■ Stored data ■
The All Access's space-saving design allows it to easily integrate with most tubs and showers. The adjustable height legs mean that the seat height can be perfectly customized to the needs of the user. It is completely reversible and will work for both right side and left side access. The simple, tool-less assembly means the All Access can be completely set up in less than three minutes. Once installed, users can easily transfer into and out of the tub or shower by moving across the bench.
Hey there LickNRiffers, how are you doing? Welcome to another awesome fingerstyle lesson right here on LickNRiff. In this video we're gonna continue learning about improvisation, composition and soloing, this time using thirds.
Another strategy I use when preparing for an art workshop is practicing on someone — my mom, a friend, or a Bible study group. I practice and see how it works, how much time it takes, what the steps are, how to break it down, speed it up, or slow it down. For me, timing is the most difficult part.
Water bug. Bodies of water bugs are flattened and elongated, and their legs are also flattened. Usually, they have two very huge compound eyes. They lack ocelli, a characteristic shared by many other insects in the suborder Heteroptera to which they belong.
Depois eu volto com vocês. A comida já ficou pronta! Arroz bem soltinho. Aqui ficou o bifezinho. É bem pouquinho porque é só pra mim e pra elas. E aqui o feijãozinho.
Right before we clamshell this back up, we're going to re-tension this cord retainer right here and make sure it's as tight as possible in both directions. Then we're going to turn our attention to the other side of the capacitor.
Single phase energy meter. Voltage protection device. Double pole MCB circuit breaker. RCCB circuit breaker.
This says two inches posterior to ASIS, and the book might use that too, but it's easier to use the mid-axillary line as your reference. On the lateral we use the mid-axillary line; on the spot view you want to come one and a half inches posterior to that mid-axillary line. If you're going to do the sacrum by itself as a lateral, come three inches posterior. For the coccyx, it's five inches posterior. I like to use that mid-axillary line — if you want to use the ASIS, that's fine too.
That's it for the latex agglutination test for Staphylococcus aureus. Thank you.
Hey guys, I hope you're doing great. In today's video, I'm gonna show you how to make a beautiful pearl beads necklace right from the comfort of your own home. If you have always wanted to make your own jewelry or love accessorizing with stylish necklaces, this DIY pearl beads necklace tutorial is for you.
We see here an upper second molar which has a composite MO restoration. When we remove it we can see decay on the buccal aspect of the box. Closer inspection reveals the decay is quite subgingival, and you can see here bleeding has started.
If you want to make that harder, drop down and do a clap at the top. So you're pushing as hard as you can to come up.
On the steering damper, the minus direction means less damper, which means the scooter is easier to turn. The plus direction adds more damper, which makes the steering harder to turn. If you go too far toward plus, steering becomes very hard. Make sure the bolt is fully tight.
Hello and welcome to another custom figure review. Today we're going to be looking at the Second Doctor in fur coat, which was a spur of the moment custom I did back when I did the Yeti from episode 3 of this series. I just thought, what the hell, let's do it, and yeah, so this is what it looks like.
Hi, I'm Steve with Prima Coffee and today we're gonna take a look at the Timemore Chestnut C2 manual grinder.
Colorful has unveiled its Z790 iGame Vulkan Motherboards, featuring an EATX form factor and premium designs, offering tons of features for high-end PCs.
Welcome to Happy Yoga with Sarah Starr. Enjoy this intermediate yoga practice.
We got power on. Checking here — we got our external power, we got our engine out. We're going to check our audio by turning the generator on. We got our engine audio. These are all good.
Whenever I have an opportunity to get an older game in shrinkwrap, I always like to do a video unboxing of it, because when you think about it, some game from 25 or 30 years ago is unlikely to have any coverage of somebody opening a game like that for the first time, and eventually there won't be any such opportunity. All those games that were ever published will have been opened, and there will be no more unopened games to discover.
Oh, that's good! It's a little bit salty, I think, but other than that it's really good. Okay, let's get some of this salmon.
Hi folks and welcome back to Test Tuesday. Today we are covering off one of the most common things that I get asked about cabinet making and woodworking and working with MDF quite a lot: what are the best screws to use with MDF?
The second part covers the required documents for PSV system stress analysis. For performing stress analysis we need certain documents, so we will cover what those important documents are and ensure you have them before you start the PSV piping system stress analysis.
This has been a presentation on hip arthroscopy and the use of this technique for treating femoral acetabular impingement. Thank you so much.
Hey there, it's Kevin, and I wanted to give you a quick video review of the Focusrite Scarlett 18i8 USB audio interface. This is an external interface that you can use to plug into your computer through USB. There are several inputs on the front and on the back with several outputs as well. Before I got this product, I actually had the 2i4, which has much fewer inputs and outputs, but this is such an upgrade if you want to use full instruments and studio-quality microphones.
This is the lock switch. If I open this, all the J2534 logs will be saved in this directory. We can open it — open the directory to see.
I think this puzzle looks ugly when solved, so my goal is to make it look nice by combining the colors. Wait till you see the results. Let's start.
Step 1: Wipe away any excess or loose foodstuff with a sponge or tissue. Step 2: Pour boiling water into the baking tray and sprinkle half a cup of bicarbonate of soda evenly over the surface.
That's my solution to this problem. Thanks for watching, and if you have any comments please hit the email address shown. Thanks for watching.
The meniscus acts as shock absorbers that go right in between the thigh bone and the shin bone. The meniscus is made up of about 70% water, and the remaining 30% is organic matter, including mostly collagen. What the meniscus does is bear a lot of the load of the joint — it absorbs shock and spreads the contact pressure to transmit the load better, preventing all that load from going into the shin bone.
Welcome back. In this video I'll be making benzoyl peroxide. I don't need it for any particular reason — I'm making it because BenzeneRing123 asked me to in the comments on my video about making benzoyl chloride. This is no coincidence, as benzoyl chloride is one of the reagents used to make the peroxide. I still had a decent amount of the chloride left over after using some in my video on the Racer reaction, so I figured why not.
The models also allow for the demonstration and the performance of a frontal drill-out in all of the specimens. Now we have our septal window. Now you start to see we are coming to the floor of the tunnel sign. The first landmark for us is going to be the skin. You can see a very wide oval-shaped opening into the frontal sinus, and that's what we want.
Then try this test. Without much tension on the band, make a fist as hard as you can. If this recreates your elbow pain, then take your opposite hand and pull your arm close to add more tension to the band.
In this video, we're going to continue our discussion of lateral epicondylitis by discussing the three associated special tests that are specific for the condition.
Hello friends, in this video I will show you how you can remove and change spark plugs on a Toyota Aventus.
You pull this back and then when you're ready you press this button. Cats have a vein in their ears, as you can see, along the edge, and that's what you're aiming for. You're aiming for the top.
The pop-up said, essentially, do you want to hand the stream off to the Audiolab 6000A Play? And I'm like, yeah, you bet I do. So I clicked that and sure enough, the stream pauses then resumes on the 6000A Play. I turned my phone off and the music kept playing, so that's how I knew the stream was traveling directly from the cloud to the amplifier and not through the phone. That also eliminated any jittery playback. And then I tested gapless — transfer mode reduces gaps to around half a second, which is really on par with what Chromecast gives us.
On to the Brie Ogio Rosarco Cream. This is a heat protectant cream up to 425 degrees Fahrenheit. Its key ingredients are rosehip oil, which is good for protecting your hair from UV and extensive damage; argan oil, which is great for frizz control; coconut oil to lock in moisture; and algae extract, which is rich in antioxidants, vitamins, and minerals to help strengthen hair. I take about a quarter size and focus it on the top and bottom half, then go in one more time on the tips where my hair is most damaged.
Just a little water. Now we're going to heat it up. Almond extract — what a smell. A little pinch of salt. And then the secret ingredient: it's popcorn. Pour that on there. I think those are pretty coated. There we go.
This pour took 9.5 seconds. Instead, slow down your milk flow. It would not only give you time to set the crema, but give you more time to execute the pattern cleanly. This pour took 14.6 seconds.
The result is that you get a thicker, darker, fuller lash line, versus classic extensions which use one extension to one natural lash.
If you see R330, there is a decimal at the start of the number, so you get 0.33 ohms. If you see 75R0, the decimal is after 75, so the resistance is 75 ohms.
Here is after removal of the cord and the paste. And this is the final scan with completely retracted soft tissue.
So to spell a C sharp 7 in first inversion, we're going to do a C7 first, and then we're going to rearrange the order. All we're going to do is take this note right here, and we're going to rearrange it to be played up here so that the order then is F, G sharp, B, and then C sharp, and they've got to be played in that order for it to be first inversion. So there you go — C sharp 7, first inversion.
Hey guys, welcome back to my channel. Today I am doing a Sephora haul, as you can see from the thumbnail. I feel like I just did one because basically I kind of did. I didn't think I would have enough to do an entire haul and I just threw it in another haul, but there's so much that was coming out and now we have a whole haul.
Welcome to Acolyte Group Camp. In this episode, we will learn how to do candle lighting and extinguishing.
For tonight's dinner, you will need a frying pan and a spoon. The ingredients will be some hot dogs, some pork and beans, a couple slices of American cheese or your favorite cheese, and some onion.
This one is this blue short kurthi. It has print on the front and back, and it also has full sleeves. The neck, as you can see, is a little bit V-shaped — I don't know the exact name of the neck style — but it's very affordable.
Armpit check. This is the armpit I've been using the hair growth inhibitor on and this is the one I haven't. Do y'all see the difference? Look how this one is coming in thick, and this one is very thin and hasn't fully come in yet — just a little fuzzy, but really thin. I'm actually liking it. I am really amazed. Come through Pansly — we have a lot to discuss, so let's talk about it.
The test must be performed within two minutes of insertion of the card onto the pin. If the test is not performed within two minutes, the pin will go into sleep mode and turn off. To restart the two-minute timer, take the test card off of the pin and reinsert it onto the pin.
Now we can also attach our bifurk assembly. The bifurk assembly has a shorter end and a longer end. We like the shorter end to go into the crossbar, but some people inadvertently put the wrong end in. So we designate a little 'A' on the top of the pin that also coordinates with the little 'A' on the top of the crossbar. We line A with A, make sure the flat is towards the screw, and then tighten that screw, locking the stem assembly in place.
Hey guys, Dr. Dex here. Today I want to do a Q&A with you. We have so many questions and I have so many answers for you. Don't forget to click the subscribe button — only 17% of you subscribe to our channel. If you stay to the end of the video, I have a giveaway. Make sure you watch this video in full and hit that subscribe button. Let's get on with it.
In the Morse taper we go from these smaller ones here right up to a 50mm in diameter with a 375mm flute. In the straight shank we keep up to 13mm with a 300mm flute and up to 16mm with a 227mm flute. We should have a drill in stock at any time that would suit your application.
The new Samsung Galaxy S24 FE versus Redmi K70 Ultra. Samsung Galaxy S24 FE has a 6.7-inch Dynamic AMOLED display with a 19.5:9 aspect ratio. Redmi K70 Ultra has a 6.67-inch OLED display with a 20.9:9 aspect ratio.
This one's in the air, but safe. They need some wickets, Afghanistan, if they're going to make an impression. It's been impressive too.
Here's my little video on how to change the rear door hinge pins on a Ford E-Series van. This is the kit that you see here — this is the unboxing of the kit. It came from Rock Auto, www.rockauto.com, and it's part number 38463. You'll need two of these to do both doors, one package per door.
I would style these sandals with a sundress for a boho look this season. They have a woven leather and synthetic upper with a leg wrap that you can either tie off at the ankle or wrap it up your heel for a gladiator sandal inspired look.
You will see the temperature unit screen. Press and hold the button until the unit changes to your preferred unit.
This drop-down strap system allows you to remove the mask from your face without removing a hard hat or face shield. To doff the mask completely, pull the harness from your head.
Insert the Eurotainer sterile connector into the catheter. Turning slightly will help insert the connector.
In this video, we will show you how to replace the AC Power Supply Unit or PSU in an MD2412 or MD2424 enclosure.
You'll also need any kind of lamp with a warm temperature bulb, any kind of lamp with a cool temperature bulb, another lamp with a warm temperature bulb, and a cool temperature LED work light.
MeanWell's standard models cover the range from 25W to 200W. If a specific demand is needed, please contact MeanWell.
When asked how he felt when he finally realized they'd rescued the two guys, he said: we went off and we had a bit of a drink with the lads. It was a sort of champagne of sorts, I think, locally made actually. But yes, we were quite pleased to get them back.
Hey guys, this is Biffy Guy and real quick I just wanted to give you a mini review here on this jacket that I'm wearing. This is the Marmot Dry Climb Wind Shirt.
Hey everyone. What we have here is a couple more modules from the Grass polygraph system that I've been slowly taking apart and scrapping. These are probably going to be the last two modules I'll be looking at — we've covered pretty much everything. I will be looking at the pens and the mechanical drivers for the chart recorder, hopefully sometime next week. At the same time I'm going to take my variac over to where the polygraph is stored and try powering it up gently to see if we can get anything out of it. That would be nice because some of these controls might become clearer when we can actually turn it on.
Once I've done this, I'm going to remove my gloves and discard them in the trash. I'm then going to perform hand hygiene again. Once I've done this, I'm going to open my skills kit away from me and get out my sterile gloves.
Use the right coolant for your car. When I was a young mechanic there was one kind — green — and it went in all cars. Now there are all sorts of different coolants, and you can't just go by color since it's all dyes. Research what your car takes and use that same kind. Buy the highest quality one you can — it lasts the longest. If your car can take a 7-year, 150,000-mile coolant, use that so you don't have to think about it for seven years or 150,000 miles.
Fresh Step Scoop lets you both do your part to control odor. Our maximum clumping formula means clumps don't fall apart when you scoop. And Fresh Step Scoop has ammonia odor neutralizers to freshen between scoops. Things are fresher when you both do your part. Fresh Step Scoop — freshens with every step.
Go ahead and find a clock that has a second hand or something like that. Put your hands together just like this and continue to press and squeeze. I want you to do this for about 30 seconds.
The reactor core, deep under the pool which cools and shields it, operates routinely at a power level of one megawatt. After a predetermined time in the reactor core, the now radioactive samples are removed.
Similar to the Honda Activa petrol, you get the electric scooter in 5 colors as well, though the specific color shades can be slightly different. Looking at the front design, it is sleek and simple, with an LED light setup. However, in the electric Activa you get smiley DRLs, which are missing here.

■ Required action ■
Check each line of the records for the word "comments" and extract those that contain it.

■ Solved problem ■
That's my solution to this problem. Thanks for watching, and if you have any comments please hit the email address shown. Thanks for watching.
Welcome back. In this video I'll be making benzoyl peroxide. I don't need it for any particular reason — I'm making it because BenzeneRing123 asked me to in the comments on my video about making benzoyl chloride. This is no coincidence, as benzoyl chloride is one of the reagents used to make the peroxide. I still had a decent amount of the chloride left over after using some in my video on the Racer reaction, so I figured why not.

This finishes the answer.